» About this task
Print out the data that follows exactly, character for character, apart from the pictures.

» Data excerpt
# # # # #
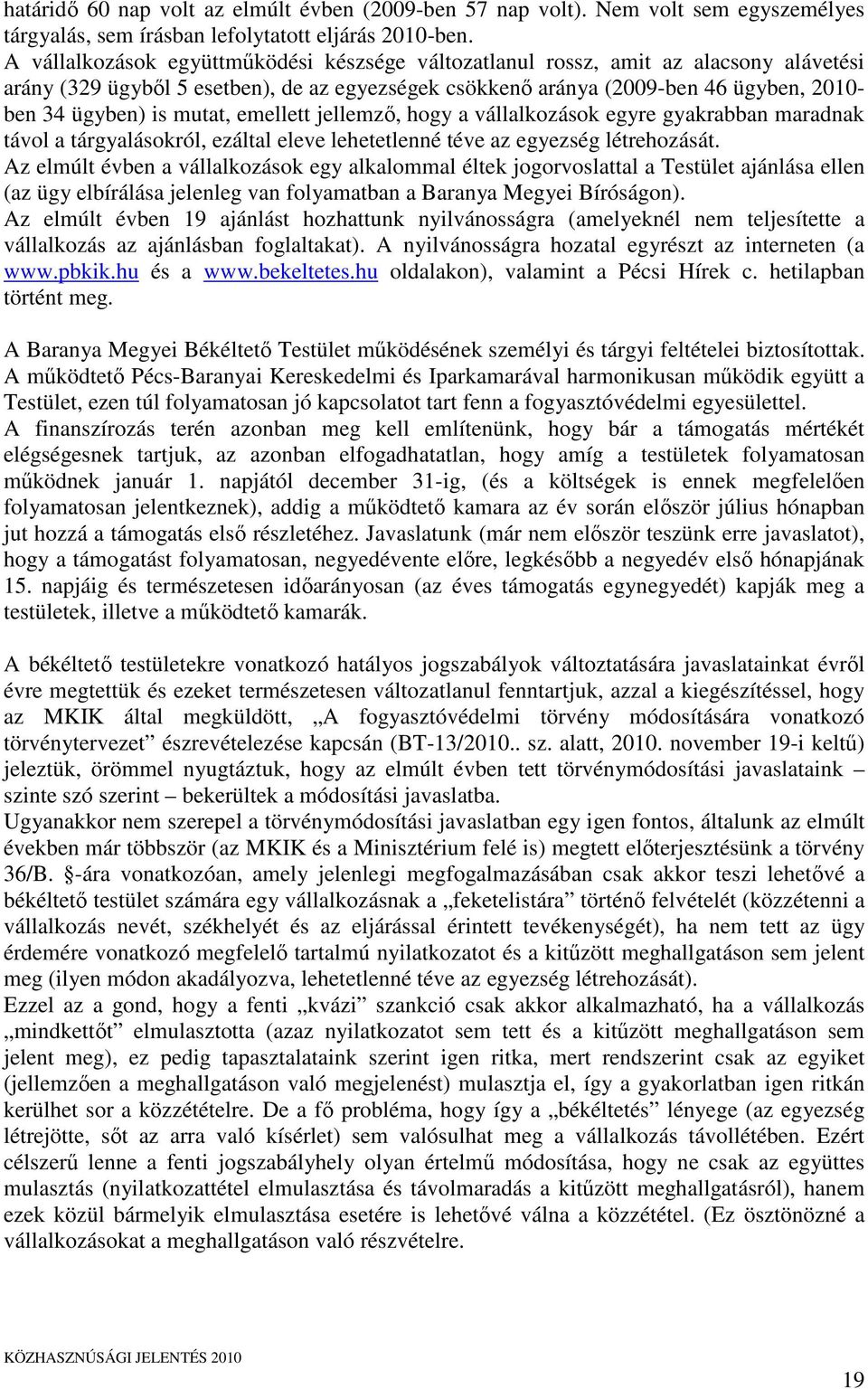 mutat, emellett jellemző, hogy a vállalkozások egyre gyakrabban maradnak távol a tárgyalásokról, ezáltal eleve lehetetlenné téve az egyezség létrehozását.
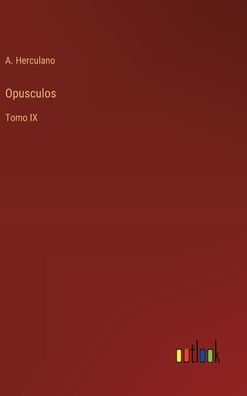 Opusculos: Tomo IX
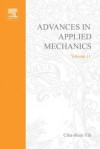 Advances in Applied Mechanics, Volume 11 - Chia-Shun Yih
# # # # #
» Answer area
 mutat, emellett jellemző, hogy a vállalkozások egyre gyakrabban maradnak távol a tárgyalásokról, ezáltal eleve lehetetlenné téve az egyezség létrehozását.
 Opusculos: Tomo IX
 Advances in Applied Mechanics, Volume 11 - Chia-Shun Yih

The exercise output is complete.